■ YOUR ASSIGNMENT ■
Your answer should be the line containing "Mini Countryman Suv" and each line after it through the end of the data below, repeated exactly.

■ TASK INPUTS ■
* * * *

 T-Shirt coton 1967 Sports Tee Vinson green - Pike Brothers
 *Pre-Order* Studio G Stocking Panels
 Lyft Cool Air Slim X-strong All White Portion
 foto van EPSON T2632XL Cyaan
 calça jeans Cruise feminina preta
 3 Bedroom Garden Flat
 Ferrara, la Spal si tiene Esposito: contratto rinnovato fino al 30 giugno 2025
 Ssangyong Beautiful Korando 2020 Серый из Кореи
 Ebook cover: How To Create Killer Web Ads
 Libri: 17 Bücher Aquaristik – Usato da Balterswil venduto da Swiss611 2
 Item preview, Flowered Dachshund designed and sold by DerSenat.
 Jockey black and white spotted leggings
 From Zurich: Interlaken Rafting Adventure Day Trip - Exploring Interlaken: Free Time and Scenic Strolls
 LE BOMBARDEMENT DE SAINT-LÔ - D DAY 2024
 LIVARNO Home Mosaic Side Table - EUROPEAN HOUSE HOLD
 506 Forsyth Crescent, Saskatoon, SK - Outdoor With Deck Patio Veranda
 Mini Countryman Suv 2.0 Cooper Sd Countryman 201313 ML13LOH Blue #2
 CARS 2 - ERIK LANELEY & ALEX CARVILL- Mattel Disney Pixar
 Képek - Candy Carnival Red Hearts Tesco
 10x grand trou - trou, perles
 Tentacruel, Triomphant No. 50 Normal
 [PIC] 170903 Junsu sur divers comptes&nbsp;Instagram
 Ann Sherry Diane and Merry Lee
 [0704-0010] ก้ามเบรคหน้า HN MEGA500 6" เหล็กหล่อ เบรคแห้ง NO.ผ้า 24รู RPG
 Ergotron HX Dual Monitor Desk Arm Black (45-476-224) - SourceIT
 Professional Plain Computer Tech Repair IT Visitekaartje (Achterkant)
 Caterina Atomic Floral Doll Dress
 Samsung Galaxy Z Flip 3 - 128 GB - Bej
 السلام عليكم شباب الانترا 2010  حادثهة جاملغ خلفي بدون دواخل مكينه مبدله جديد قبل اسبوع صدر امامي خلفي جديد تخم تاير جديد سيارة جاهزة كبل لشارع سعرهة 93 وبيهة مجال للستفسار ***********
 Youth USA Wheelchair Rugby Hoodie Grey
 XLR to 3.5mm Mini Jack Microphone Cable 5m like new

* * * *

■ RESPONSE TO THIS EXERCISE ■
 Mini Countryman Suv 2.0 Cooper Sd Countryman 201313 ML13LOH Blue #2
 CARS 2 - ERIK LANELEY & ALEX CARVILL- Mattel Disney Pixar
 Képek - Candy Carnival Red Hearts Tesco
 10x grand trou - trou, perles
 Tentacruel, Triomphant No. 50 Normal
 [PIC] 170903 Junsu sur divers comptes&nbsp;Instagram
 Ann Sherry Diane and Merry Lee
 [0704-0010] ก้ามเบรคหน้า HN MEGA500 6" เหล็กหล่อ เบรคแห้ง NO.ผ้า 24รู RPG
 Ergotron HX Dual Monitor Desk Arm Black (45-476-224) - SourceIT
 Professional Plain Computer Tech Repair IT Visitekaartje (Achterkant)
 Caterina Atomic Floral Doll Dress
 Samsung Galaxy Z Flip 3 - 128 GB - Bej
 السلام عليكم شباب الانترا 2010  حادثهة جاملغ خلفي بدون دواخل مكينه مبدله جديد قبل اسبوع صدر امامي خلفي جديد تخم تاير جديد سيارة جاهزة كبل لشارع سعرهة 93 وبيهة مجال للستفسار ***********
 Youth USA Wheelchair Rugby Hoodie Grey
 XLR to 3.5mm Mini Jack Microphone Cable 5m like new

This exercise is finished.